The Army Plans to Change the Way It Conducts Information Wars

Kris Osborn

The Army wants to break apart its weapons systems to find problems, refine technologies, upgrade components and integrate new technologies as they become available.

The goal is to “bridge and overcome” proprietary and technological limitations that can impede interoperability or the possibility of upgrading a weapons system with new generation enhancements such as targeting upgrades, sensor improvements or the full insertion of new technologies.

Mail. Gen. Brian Gibson, the director, Air and Missile Defense Cross-Functional Team for Army Futures Command, told the National Interest that new weapons systems need to be “opened up” and then “put in the hands of soldiers” to pave a path toward modernization. The Army doesn’t want to be bound “by intellectual property” or by “technology that does not allow you to fix the data,” Gibson explained. That’s why the military service is leaning toward interoperability.

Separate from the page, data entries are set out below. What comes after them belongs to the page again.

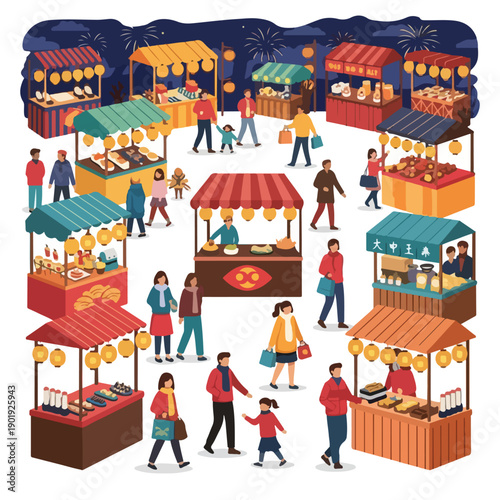 Vibrant Market Scene with Stalls and Shoppers.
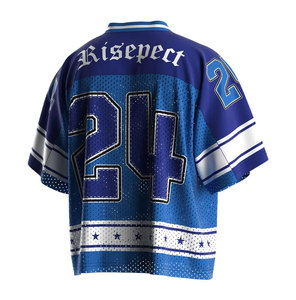 เสื้อแฟนคลับสีน้ำเงินสำหรับผู้ชาย หมายเลข 24 คอวี แขนสั้น ผ้าตาข่ายระบายอากาศได้ดี ทรงปกติ ชุดกีฬาสำหรับผู้ใหญ่ - Product Image 2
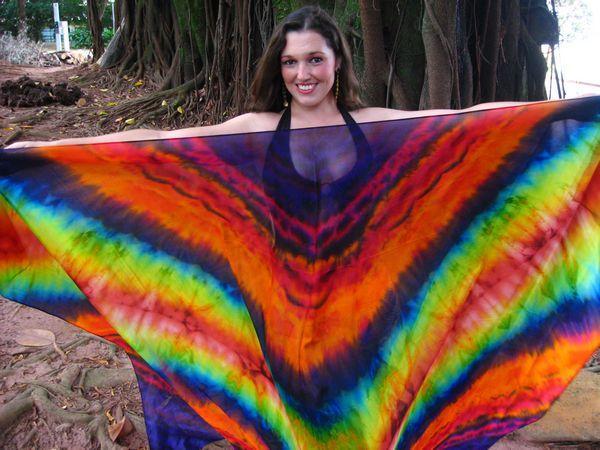 Véu Efeito Mandala de Seda para Dança do Ventre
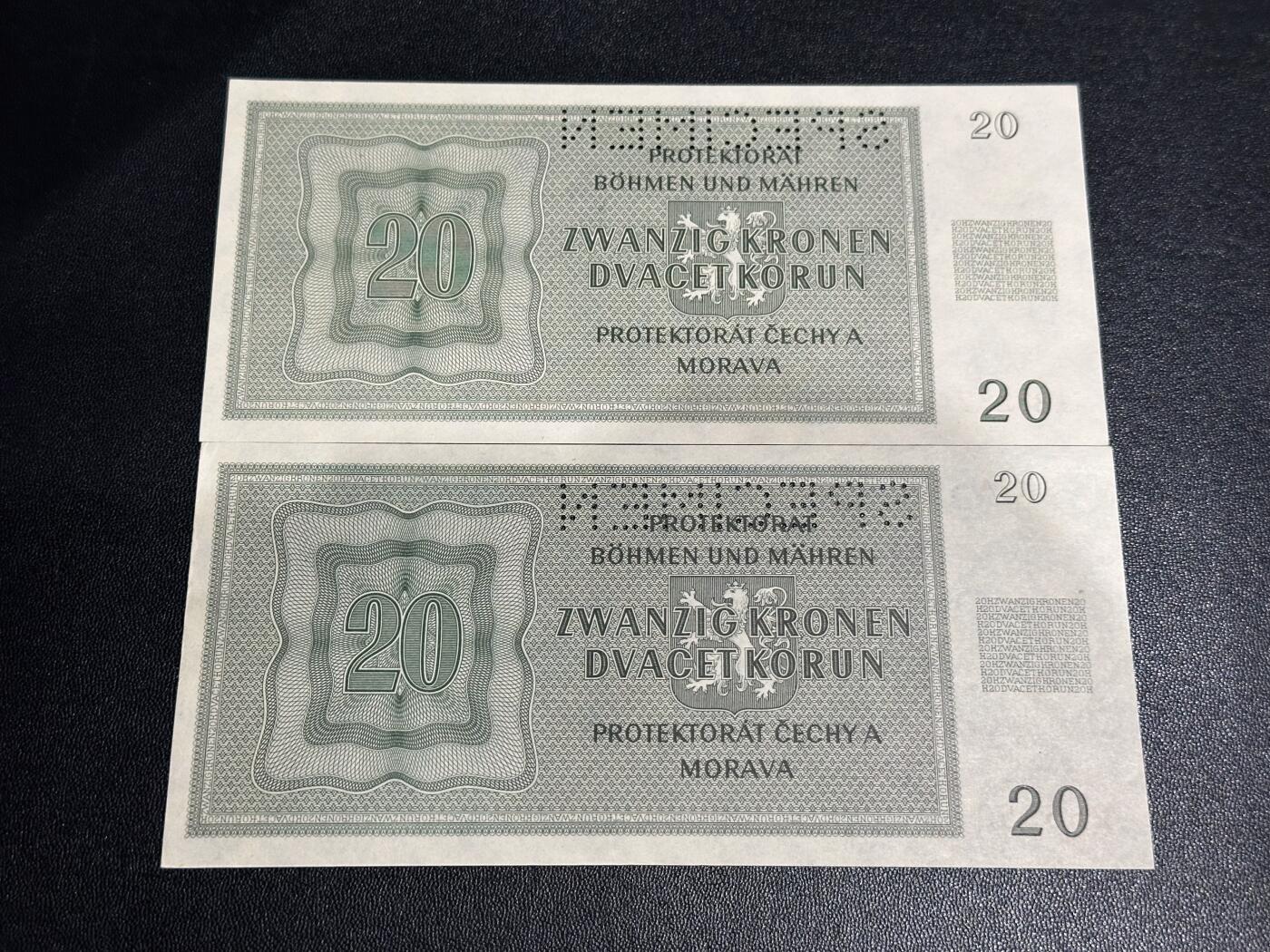 《外钞收藏家》第六百一十期（新年假期场/年后快递恢复正常再发货）（长期征集拍品、欢迎藏友们联系合作） 1944年波西米亚20克朗 样钞2张一起  UNC-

“IBCS as a pathfinder is an example of taking weapons systems designed by different companies and allowing them to integrate,” he said.

Gibson noted that the Army’s Integrated Battle Command System (IBCS) is an example of the military service’s effort to “open up” weapons systems to adjust and update sensors, refine technologies and further modernize systems such as radar, missiles or airborne weapons. IBCS is a series of networked nodes that connects dispersed sensors. It is slated to become operational in just the next few years. The Army has been expanding IBCS to incorporate a multi-domain approach and possibly include F-35 jets and a ship-integrated Aegis radar in its network. All of this is made possible by ensuring the technological interfaces and standards are based upon common Internet Protocol.


In some cases, “opening up” radar systems and sensor systems so that various weapons can be upgraded and modernized will help engineers create gateway bridges between weapons systems so that they can freely and securely exchange information. This is how IBCS was able to integrate with an F-35 fighter jet as an aerial node, expanding the cross-domain reach of a threat detection network. A multi-domain IBCS network could change the face of the information battlefield. Ultimately, the plan is to create a variety of secure and effective gateway interfaces so that Navy ships, drones, unmanned systems, fighter jets, ground robots, tanks and fire control systems can network with one another to find targets and shoot off or “cue” the right interceptors.